Workers At General Motors Plant In Mexico Have Voted To Cancel Their Contract And Expel Their Union

MEXICO CITY — Workers at a General Motors plant in Mexico have decided to cancel a collective bargaining agreement brokered by an old guard union that has been accused of using intimidation methods in previous ballots. It was an early demonstration of the efficiency of labor measures negotiated as part of the USMCA.

According to a statement released by Mexico’s Labor Ministry on Thursday, over 6,000 workers at the GM factory in Silao voted over two days. The final total was 3,214 votes against 2,623 votes in favor.

The contract will be terminated as a result of the vote, but the workers will continue to receive the same benefits and working conditions. The vote was against the union, which is affiliated with the Confederation of Mexican Workers. Workers at the facility have been organized by a new group.

The voting took place inside the factory on Tuesday and Wednesday, with monitors from the Labor Ministry, the National Electoral Institute, and the International Labor Organization of the United Nations present.

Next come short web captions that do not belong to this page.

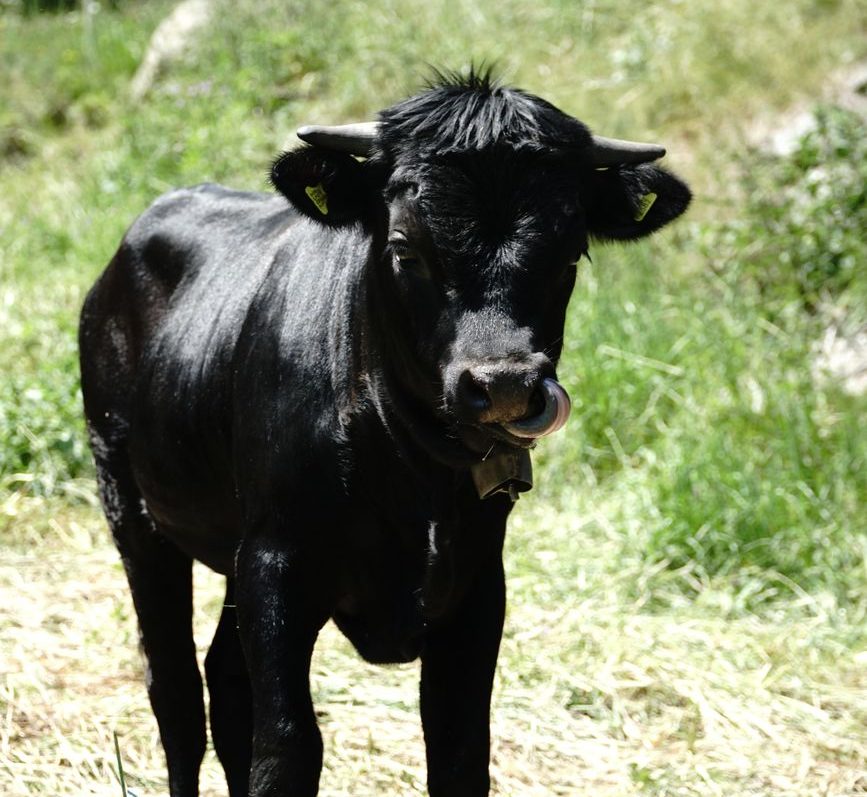 En paradero desconocido una vaquilla tras escapar de un encierro en un pueblo de Cuenca: entidades animalistas piden un santuario para ella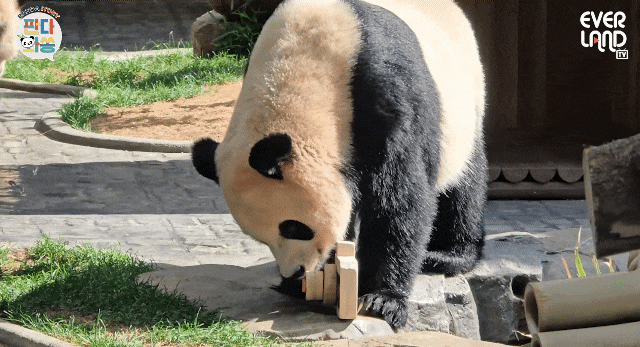 ESzxQg.gif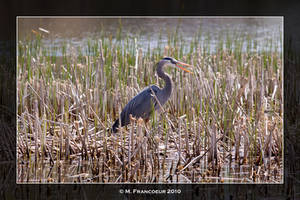 Great Blue Heron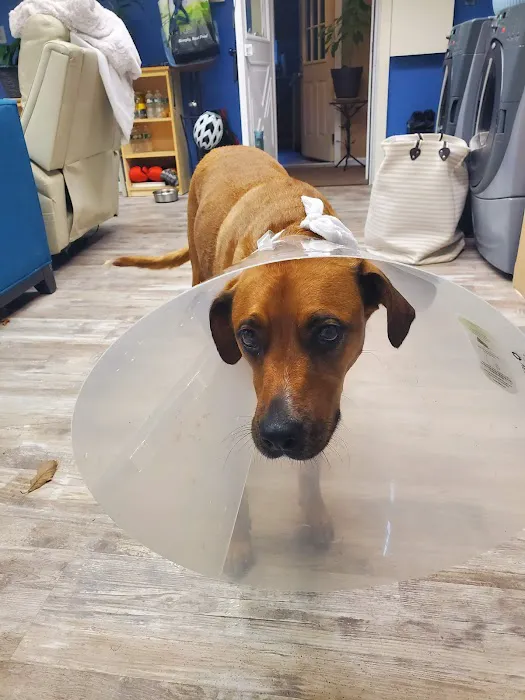 Animal Hospital of White Plains Picture 5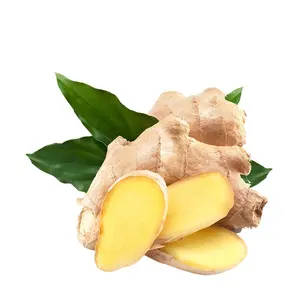 China Ginger Patch Turmeric Ginger Buy China Supplier Export Fresh Ginger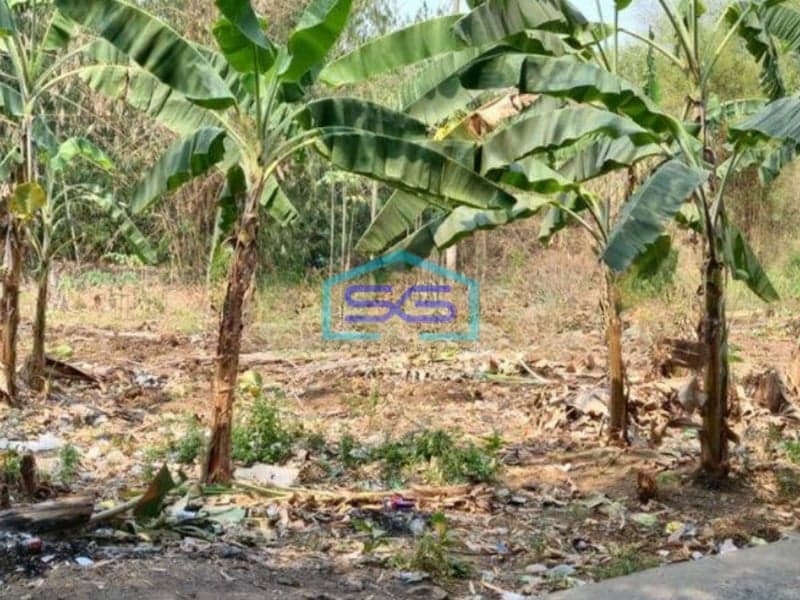 Dijual Tanah Cocok Untuk Gudang Di Cibogo Cisauk Tangerang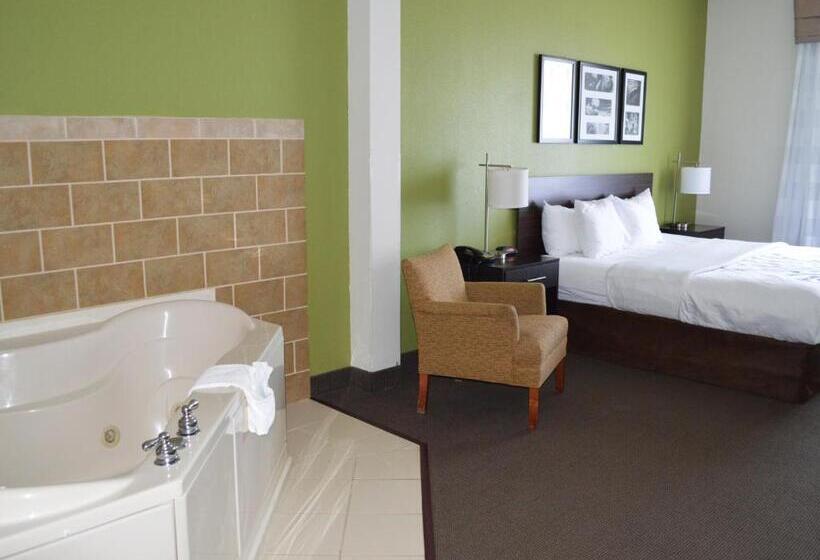 Люкс Кровать Кинг, Sleep Inn & Suites Virginia Horse Center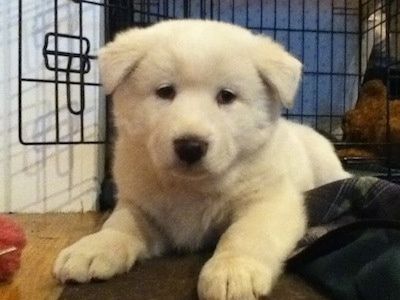Close-up vooraanzicht - Een jonge witte Pungsang Dog-puppy ligt met zijn voorkant op een bruin tapijt en zijn achterkant in een hondenkrat kijkend uit. Zijn kleine oren hangen naar beneden.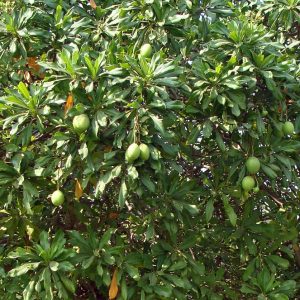 Your own Mango Tree in Bali!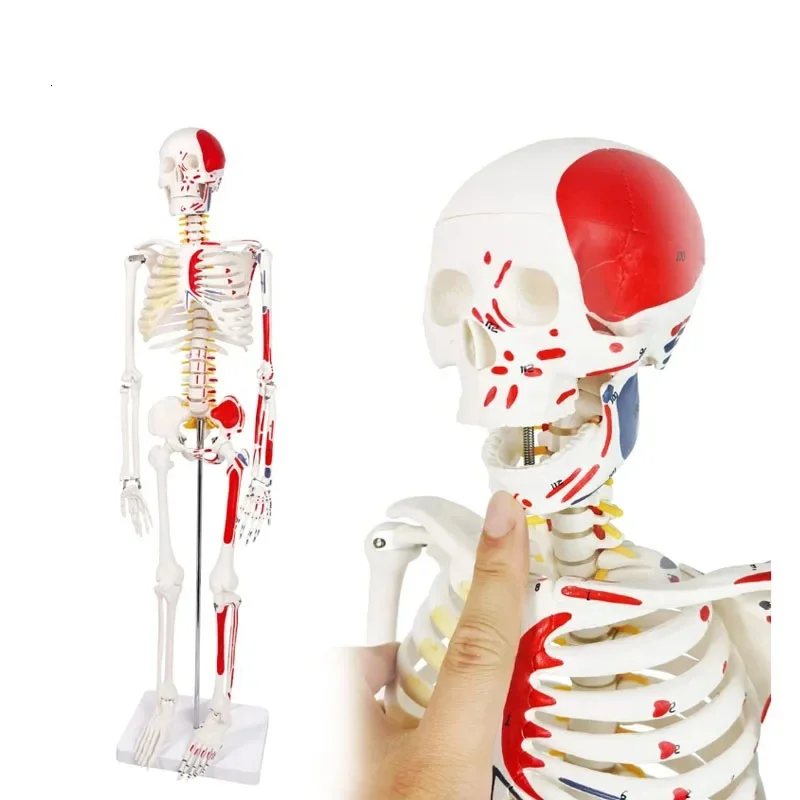 DARHMMY Human Skeleton Model Hot Sale 1/2 Life Size 85cm Half Muscle Drawing Medical Science Anatomy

The voting circumstances “show the government’s commitment to union democracy and honoring the choice of the employees,” according to a statement from the Labor Ministry.

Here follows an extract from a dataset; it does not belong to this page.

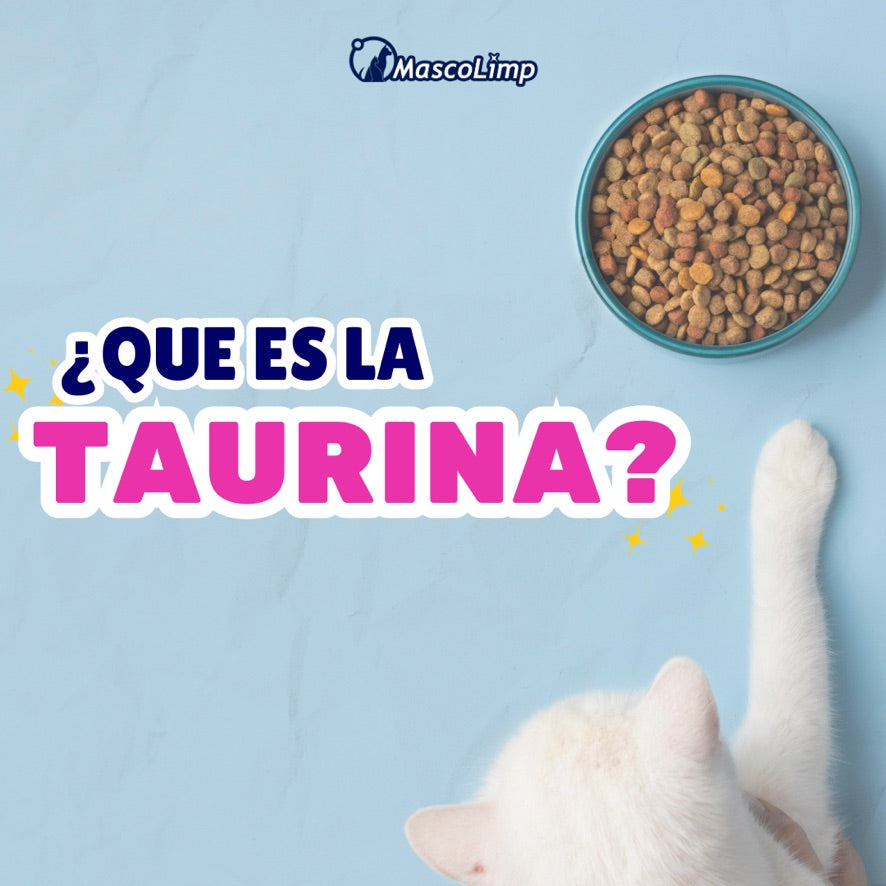 Taurina en gatos, qué es?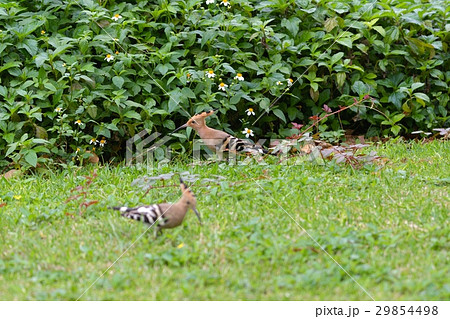 ヤツガシラ 29854498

Production at the Silao facility would continue under the provisions of the present agreement until a new one is negotiated and accepted by a majority vote, GM said in a statement. Within 20 business days, the Labor Ministry will issue a final decision.

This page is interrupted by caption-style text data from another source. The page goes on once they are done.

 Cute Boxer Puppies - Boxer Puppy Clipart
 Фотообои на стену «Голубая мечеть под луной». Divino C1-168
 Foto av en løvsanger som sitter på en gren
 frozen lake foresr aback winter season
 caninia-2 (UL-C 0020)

“General Motors appreciates that the GM Silao Collective Bargaining Agreement (CBA) legitimization procedure was carried out with strong participation and that the Ministry of Labor has not reported any incidents,” according to the statement. “It is critical for GM that employees be able to exercise their rights in a personal, free, confidential, and direct manner. GM also thanks to the US and Mexican governments’ cooperation, as well as the independent observers who oversaw the exercise.”

After the former union was found allegedly deleting ballots in a previous referendum, the US government filed a complaint under the USMCA in May.

Mexican unions have been signing low-wage “protection contracts” behind employees’ backs for decades.

The trade pact’s “quick reaction” procedures allow a panel to assess whether Mexico is upholding labor rules that allow workers to pick their union and vote on contracts and leadership. If it is discovered that Mexico is not implementing its laws, fines may be imposed, including the prohibition of certain items from entering the United States. The case filed in May was the first under the USMCA.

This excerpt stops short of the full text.